Pennsylvania Senate Democrat Proposes Eligibility License for Guns

A day after the school shooting in Uvalde, Texas, Pennsylvania Democrats are calling for more stringent gun control in the state, with State Senator Art Haywood (D-Abington) proposing eligibility licenses for firearm purchases. 

Pennsylvania already administers licenses to carry firearms in Pennsylvania, for which any person who is at least 21 years old and has a clean record may apply.

Haywood’s bill would amend Title 18, Pennsylvania’s criminal code, to include an additional mandate that any state resident intending to buy a gun must apply for a permit to make that purchase. The state police, county sheriff or Philadelphia chief of police would issue the application. 

To obtain a purchasing license, an applicant would need to be at least 18 years old, reside in the Keystone State, have nothing on his or her record barring a gun purchase and complete a gun safety course. Police, military personnel and corrections officers would be among those exempt from the training course provision. 

Before the state grants a purchasing license, applicants would submit to a background check into his or her mental health, juvenile delinquency and criminal records. The prospective buyers would be fingerprinted and checked via federal and state databases. Should the commonwealth deny an eligibility permit, the denied party could petition a court to have his or her application reconsidered. 

“My goal is simple: to ensure that our communities are safe places for our children to grow,” Haywood wrote in a memorandum on his legislation. “This legislation is not intended to punish responsible gun owners.” 

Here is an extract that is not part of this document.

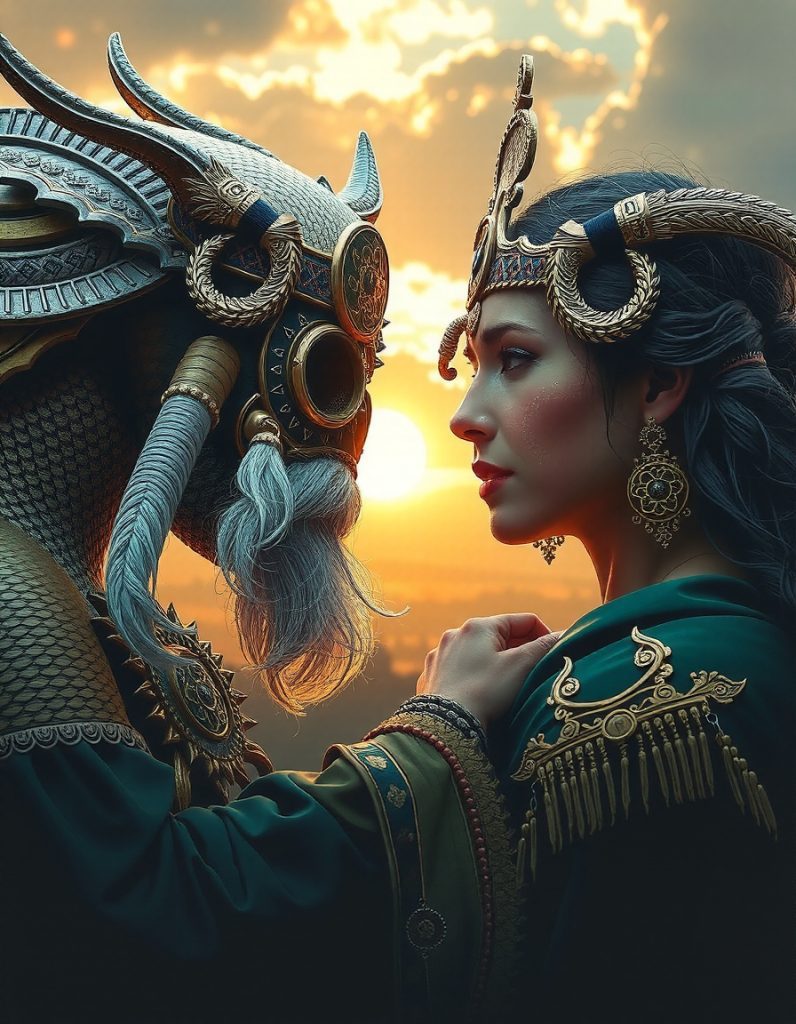 ✧ The God Who Stayed Named Himself ✧ ✧ The God Who Stayed Named Himself ✧
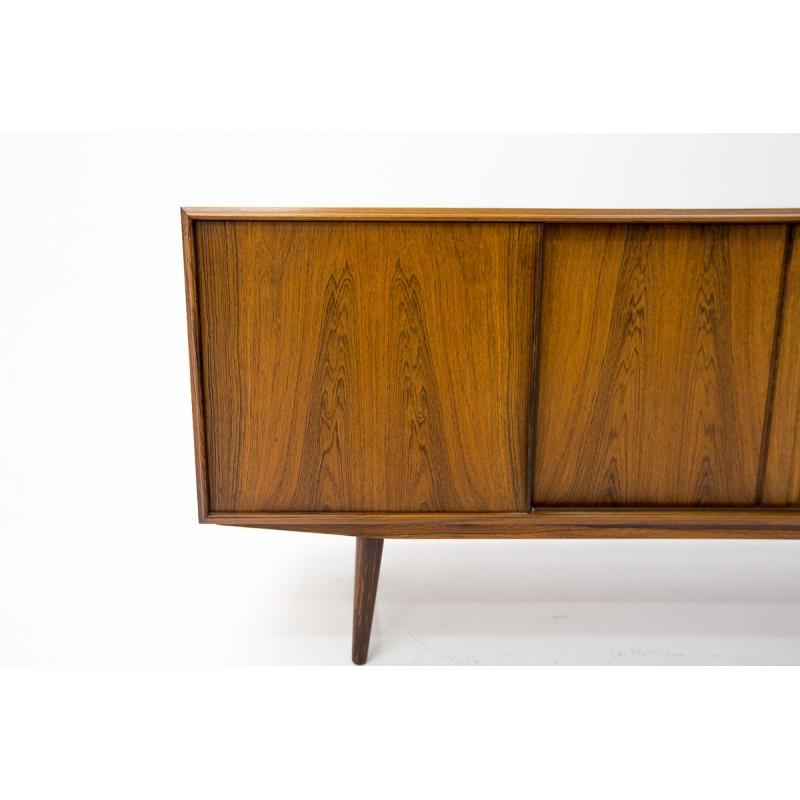 Danish Design Rosewood Sideboard, Scandinavian Modern, 1960s In Good Condition In Chorzów, PL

Haywood added he is confident that his bill would meet constitutional scrutiny, recalling that Maryland has adopted a similar policy that federal courts have declined to nullify.

The senator cited data from the Johns Hopkins Center on Gun Policy and Research purporting to correlate state purchasing license requirements with lower firearm death rates relative to other states. Haywood underscored the example of Missouri, which he stated saw killings with guns jump after repeal of a permit-to-purchase law in 2007. Johns Hopkins posited that the statute’s cancellation led directly to 55 to 63 additional murders per year in Missouri.

When that study came out in 2014, it failed to impress John R. Lott of the Crime Prevention Research Center. Lott observed that while homicides increased in Missouri by 17 percent in the five years after the state rescinded purchase licensing, deliberate killings rose by nearly one-third before the policy got repealed. 

“It’s just a very misleading claim” that ending permit-to-purchase drove murders up in the Show-Me State, he told The Pennsylvania Daily Star. 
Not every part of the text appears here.